I have no luck with reproduction. @antmjones does it happen in net8 as well? Do you maybe have a binlog from the failed publish? (dotnet publish -bl)

antmjones commented 2 months ago

Hi, I can provide a recent .binlog (supplied by a collegue who encountered the same issue). I would note however, that I did study the binlog very carefully at the time (trying to work out what was causing the issue), and all of the useful information is included above in the original bug report. The relevant output in MSBuild Structured Log Viewer looks like this, there is really nothing more of interest there:

image

Note that (as described in the original report) the real bug appears to be in cmd.exe, not msbuild or the EmccCompile task, but there seems to be little hope of getting cmd.exe fixed, so given there is a simple workaround already provided (by the EM_WORKAROUND_WIN7_BAD_ERRORLEVEL_BUG environment variable) the sensible thing seems to me to be just to set that environment variable by default when calling emcc.bat. It simply causes emcc.bat to use @exit %ERRORLEVEL% rather than @exit /b %ERRORLEVEL%, which seems like a low risk change.

I can also confirm that the issue still occurs in .NET 8 - my collegue was using .NET 8, with up-to-date VS and tooling etc (8.0.6 SDK). I have not encountered the issue myself since the original bug report since setting EM_WORKAROUND_WIN7_BAD_ERRORLEVEL_BUG.

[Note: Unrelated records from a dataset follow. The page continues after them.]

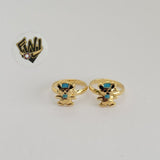 (1-3117-A) Gold Laminate - Teddy Bear Toe/Child Ring - BGF - Fantasy World Jewelry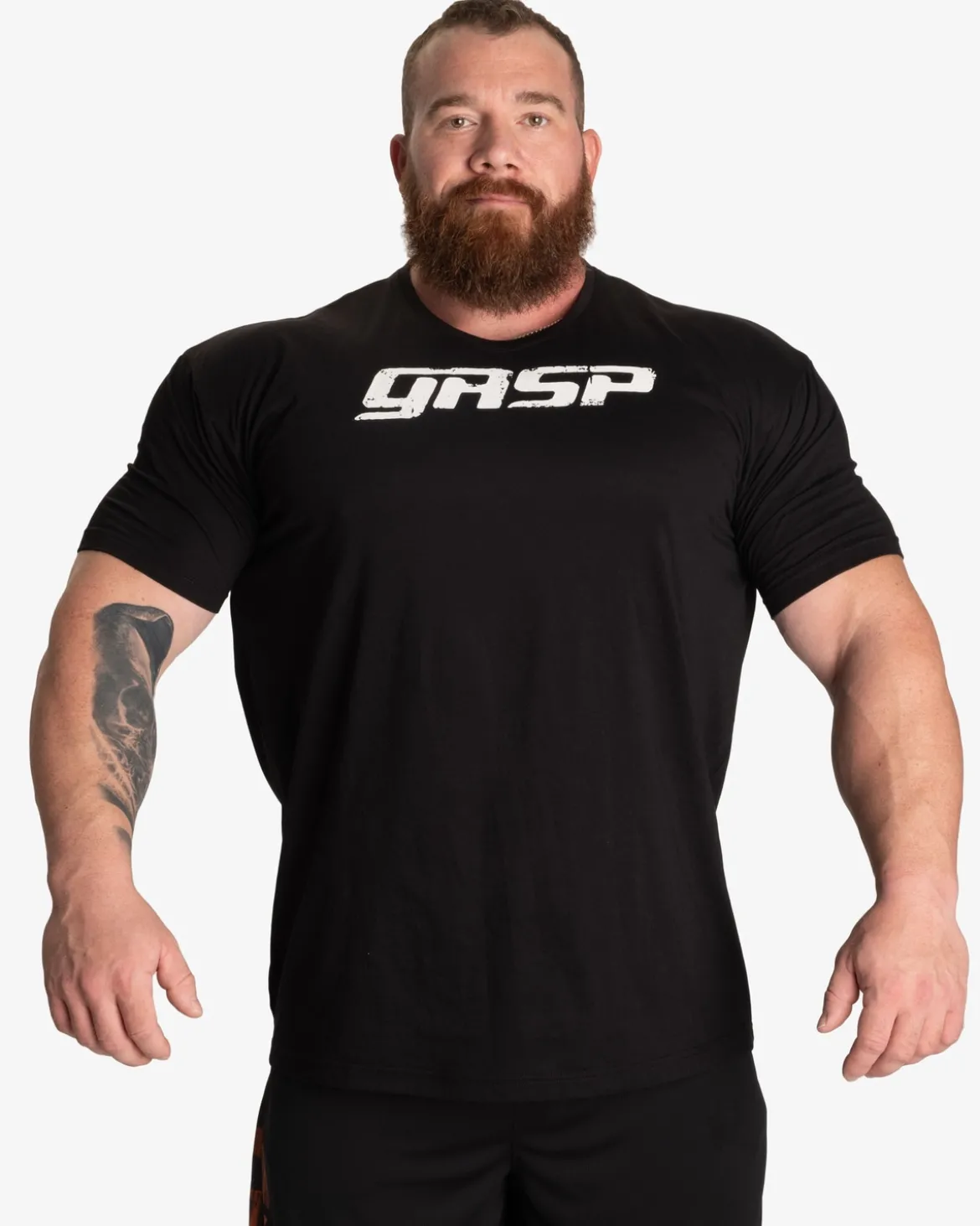 Legacy Gym Tee, Black/White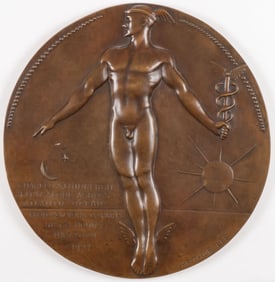 BRONZE ARTHUR LEE LINDBERGH PLAQUE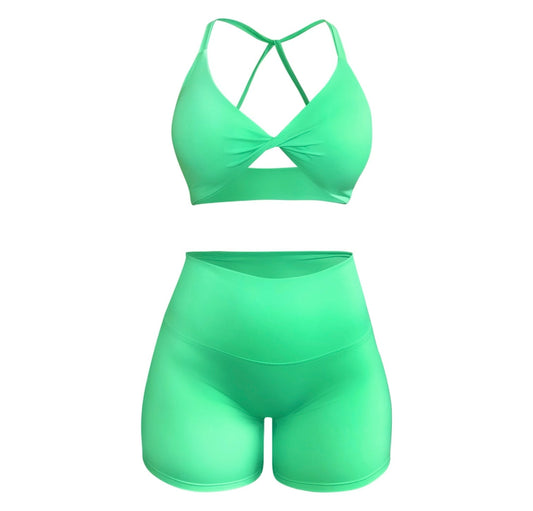 Bikini-Shorts Set (Mint)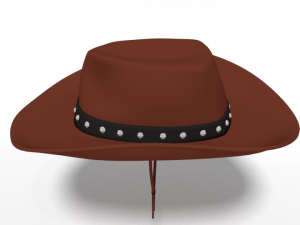 cartoon cowboy hat Model 3D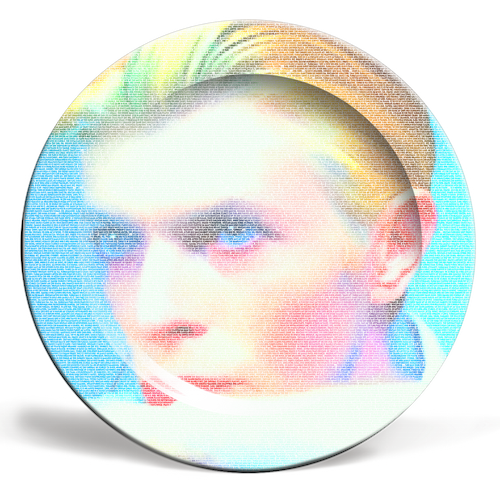 The Man Who Fell To Earth - ceramic dinner plate by RoboticEwe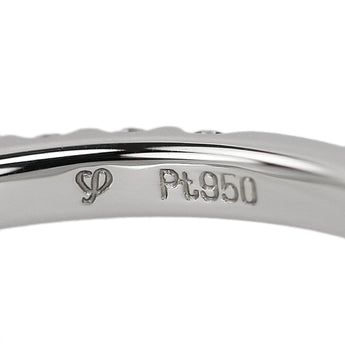 アイプリモ ダイヤモンド リング Pt950 I-PRIMO ハーフエタニティ 一文字 細め【中古】【902316】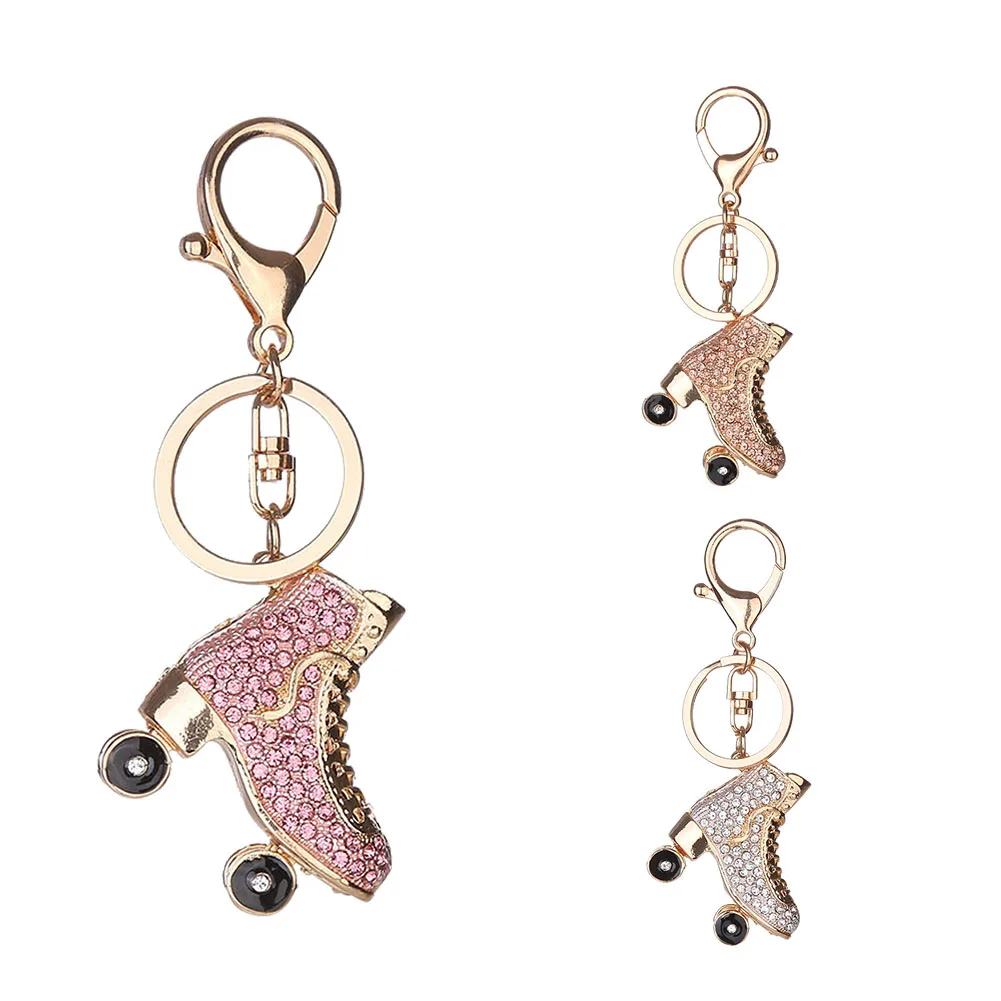 Горячая подвеска для ключей сумок держатель роликовая обувь роликов кристалл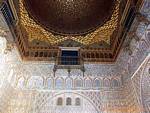 Magnificent dome, Seville Alcazar, Spain.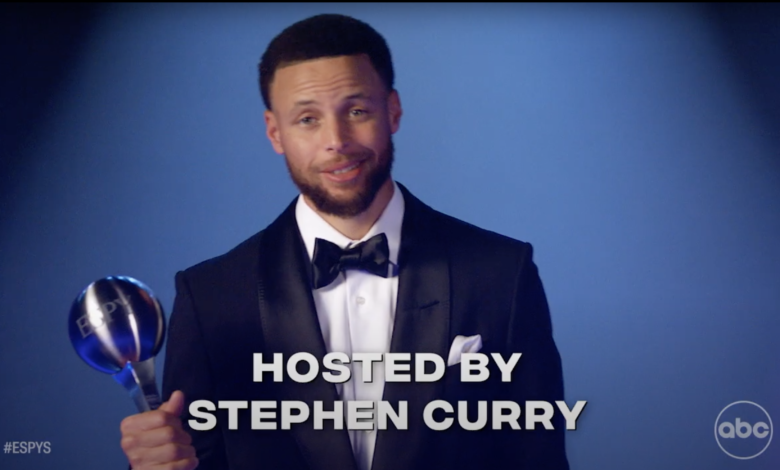 Photo of “Take 1” Stephen Curry Proves To Be A Natural At Shooting ESPYS Promotions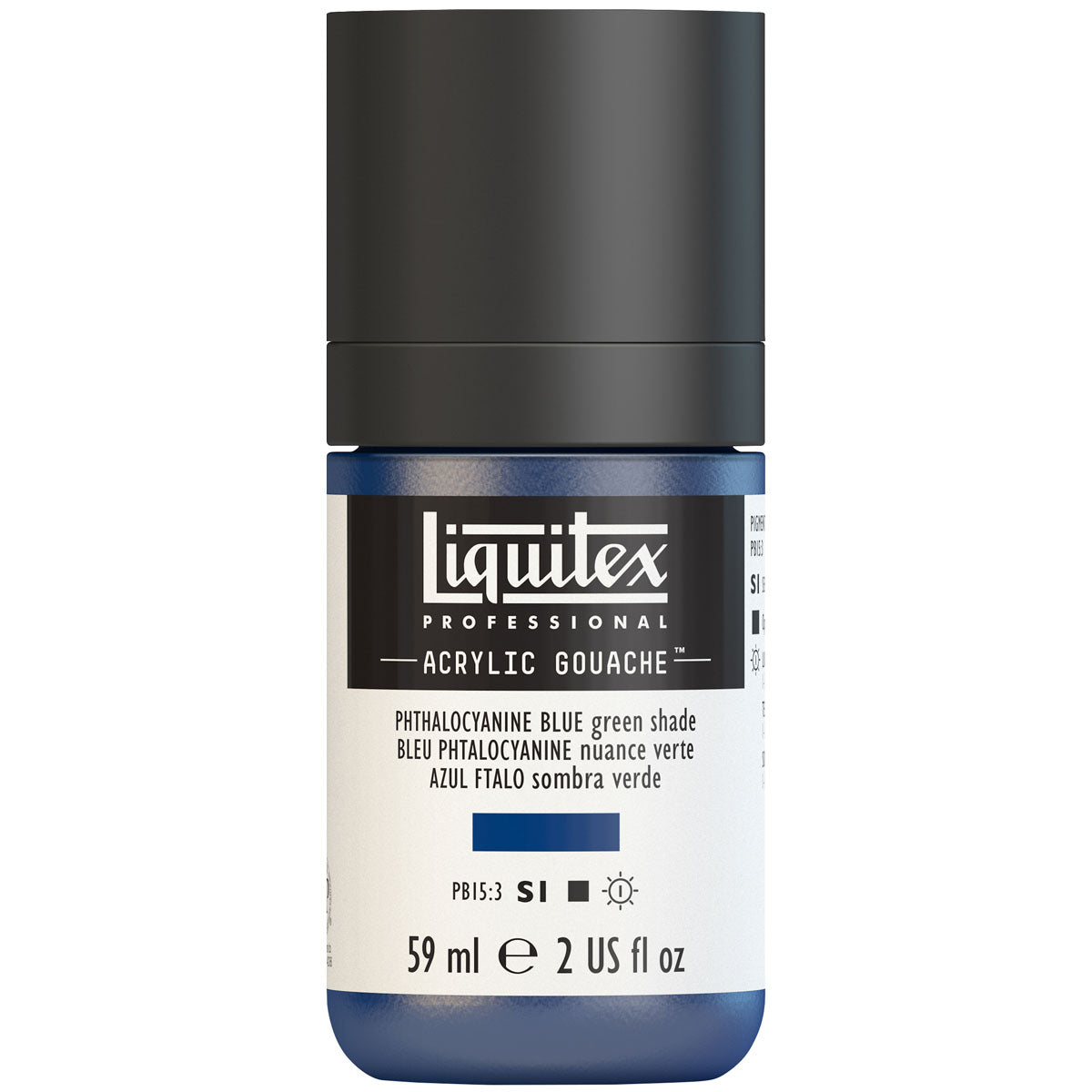 Liquitex - Acrylic Gouache 59ml S1 - Phthalocyanine Blue Green Shade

Have you tried the reproduction I provided at https://github.com/antmjones/CmdExe255Test? This reproduces the error far more consistently for me than via msbuild. I also found that the bug occurred more frequently when running from Windows Terminal rather than the default "command prompt" terminal:

image

(as can be seen in the image, the sample console application is reporting that cmd.exe returned an exit code of 255, but the last line of the batch file called exit /b 0, so the exit code should have been zero)

If you do still want a copy of the .binlog file could you provide an email address or other way to share the .binlog file privately?

david-flett commented 1 month ago

As advised above, I had to add this workaround to my csproj file in order for it to compile reliably: EmscriptenEnvVars Include="EM_WORKAROUND_WIN7_BAD_ERRORLEVEL_BUG=1"